▸ About this exercise:
Without the images, repeat every line of the listing exactly.

▸ Data:
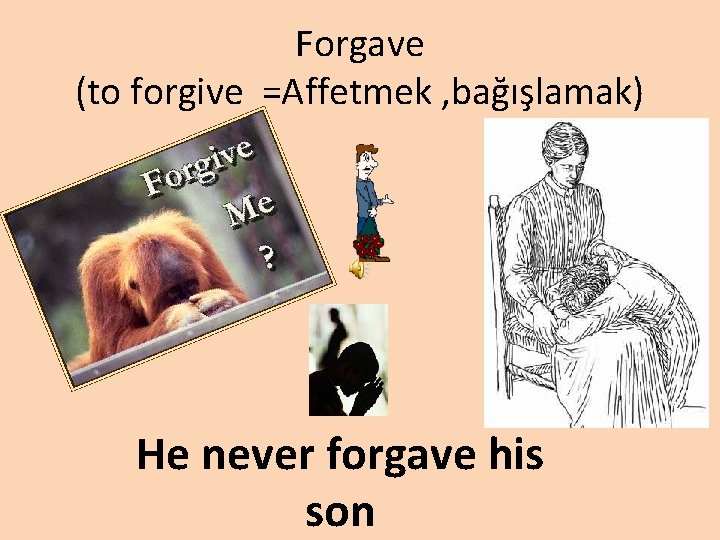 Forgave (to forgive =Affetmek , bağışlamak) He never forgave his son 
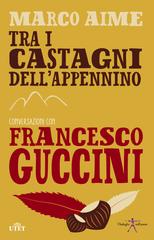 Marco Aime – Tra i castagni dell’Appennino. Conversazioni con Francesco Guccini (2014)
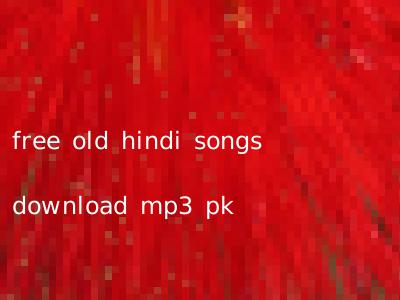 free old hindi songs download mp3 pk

▸ Result:
 Forgave (to forgive =Affetmek , bağışlamak) He never forgave his son 
 Marco Aime – Tra i castagni dell’Appennino. Conversazioni con Francesco Guccini (2014)
 free old hindi songs download mp3 pk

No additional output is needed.